AIM OF THE TASK: Using the data below, return word for word every line from the one holding "ధాన్యం కొనుగోళ్లలో ఇబ్బందులు లేకుండా చూడాలి" down to the one holding "Obudowa Oslona Pokrywa". Leave pictures out.
TASK INPUT section start
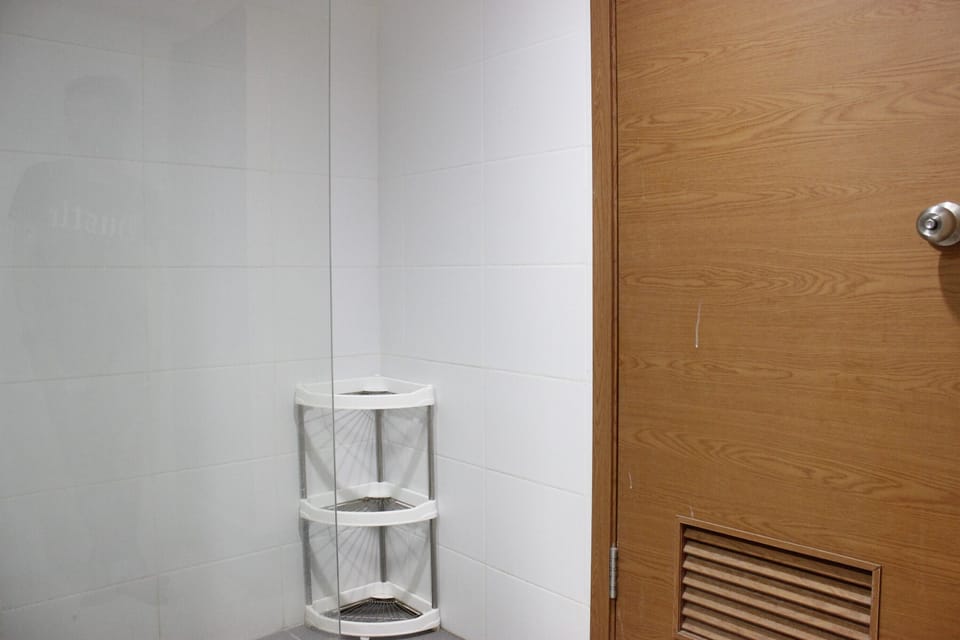 Room | Bathroom | Shower, towels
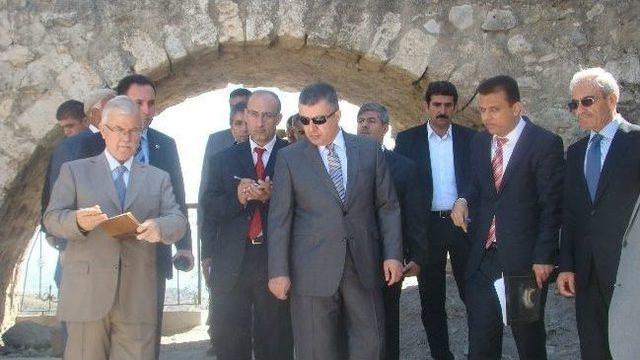 Vali Lekesiz Kırıkhan&rsquo;da İncelemelerde Bulundu 1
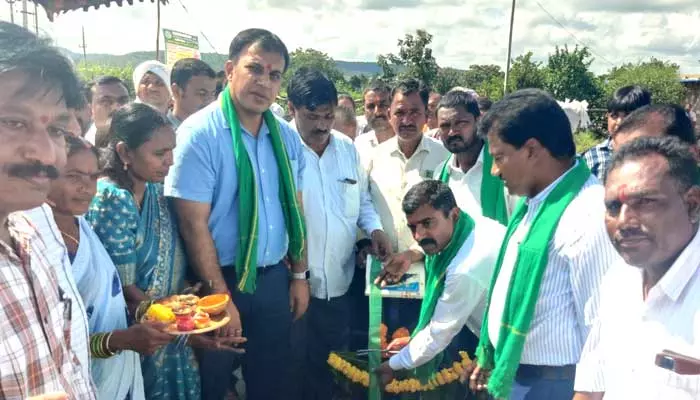 ధాన్యం కొనుగోళ్లలో ఇబ్బందులు లేకుండా చూడాలి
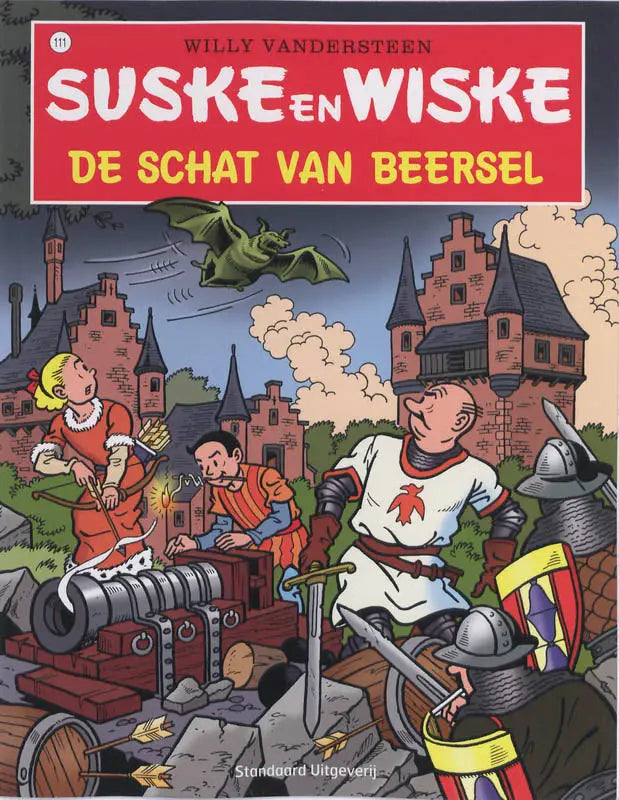 De cover van suske en wiske de schat van beersel toont middeleeuwse personages en een groene draak vliegend boven een kasteel, een strip van willy vandersteen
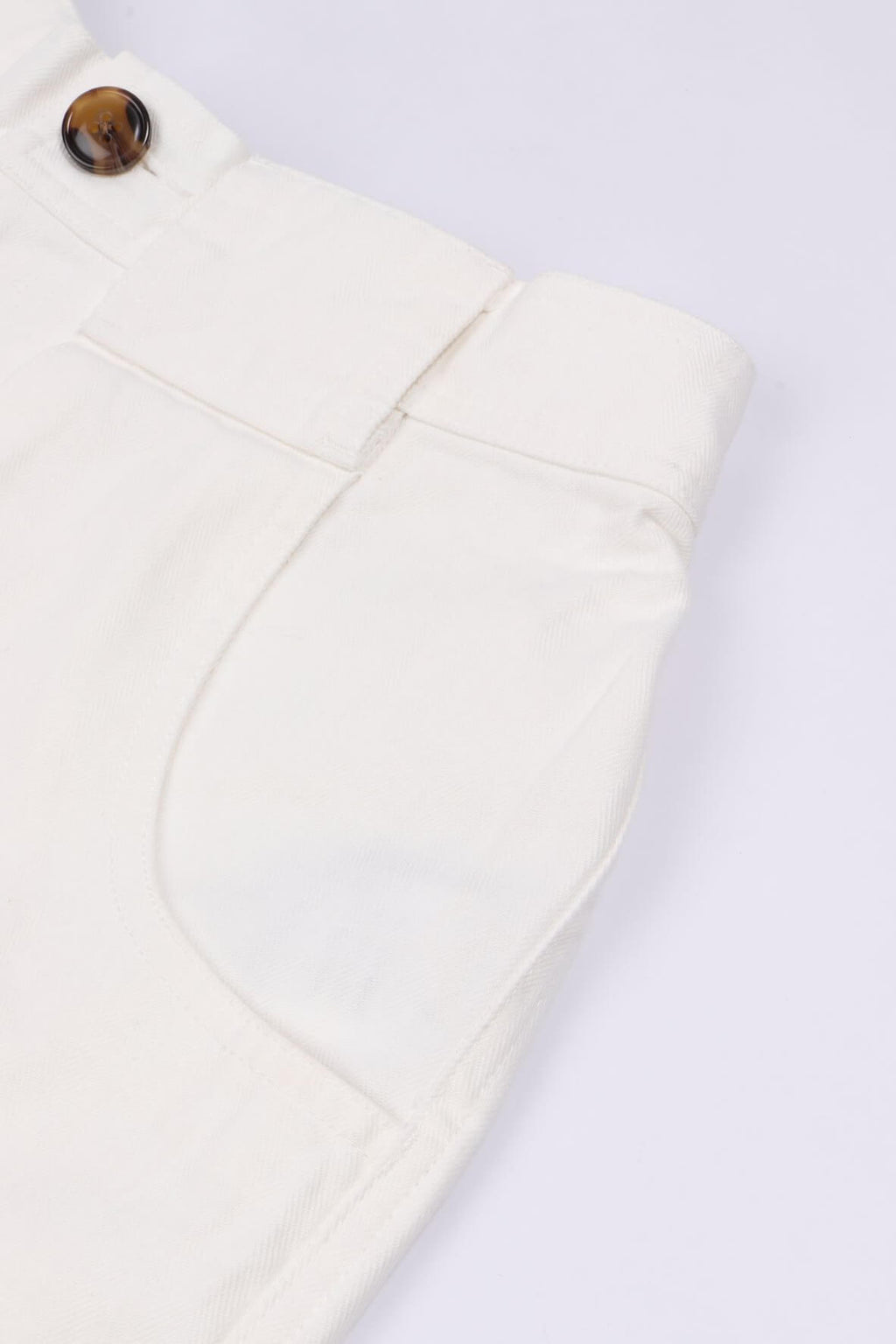 Pocket short white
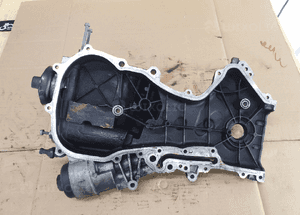 Obudowa Oslona Pokrywa Rozrzadu Podstawa Filtra Oleju 1.6 FSI VW Audi 8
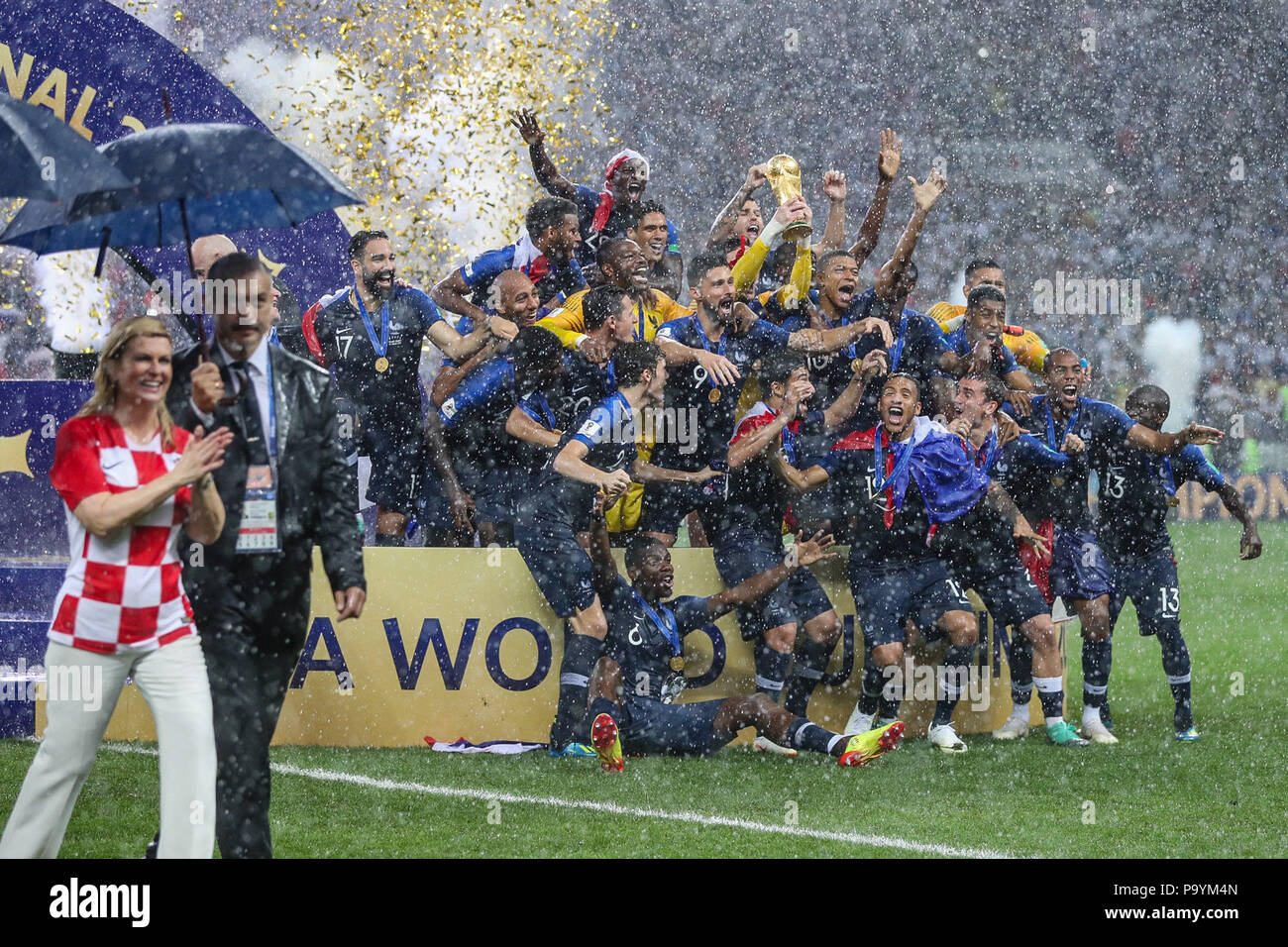 I giocatori festeggiano la vittoria della Francia durante il match contro la Croazia nella partita valida per la finale della Coppa del Mondo della Russia in Luzhniki Stadium nella città di Mosca in Russia in questa Domenica, 15. (Foto: William Volcov / Brasile Photo Press) Foto Stock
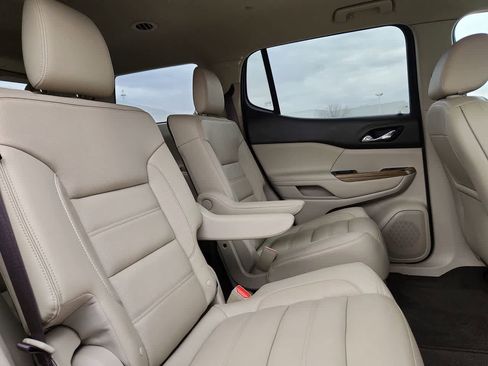 Used 2018 GMC Acadia Denali image 17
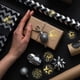 thumbnail image 4 of Rollo de pegatinas navideñas AnyDesign, 1000 unidades, lámina dorada, natividad, 4 of 7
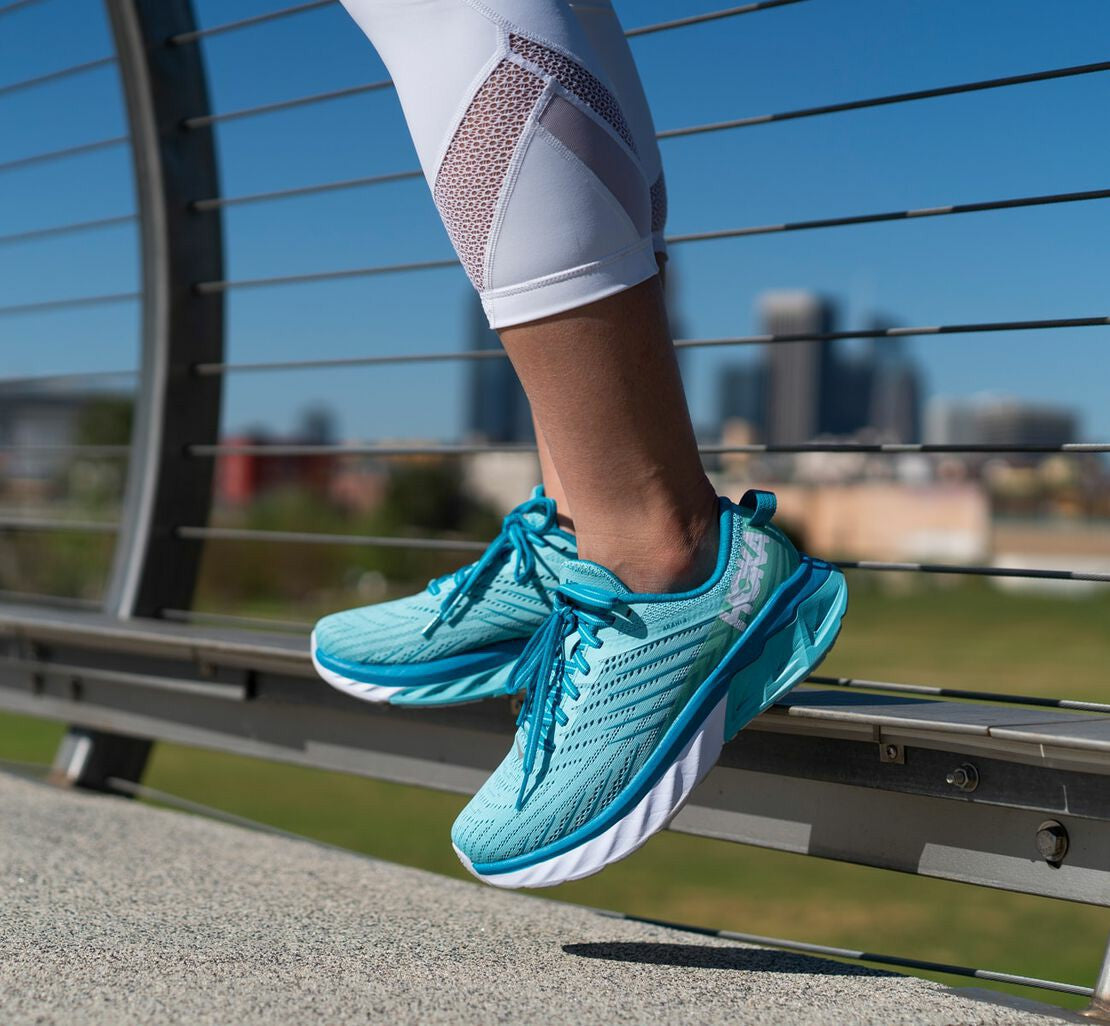 HOKA Antigua Sand / Caribbean Sea - Women's Arahi 4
TASK INPUT section end
RESPONSE:
 ధాన్యం కొనుగోళ్లలో ఇబ్బందులు లేకుండా చూడాలి
 De cover van suske en wiske de schat van beersel toont middeleeuwse personages en een groene draak vliegend boven een kasteel, een strip van willy vandersteen
 Pocket short white
 Obudowa Oslona Pokrywa Rozrzadu Podstawa Filtra Oleju 1.6 FSI VW Audi 8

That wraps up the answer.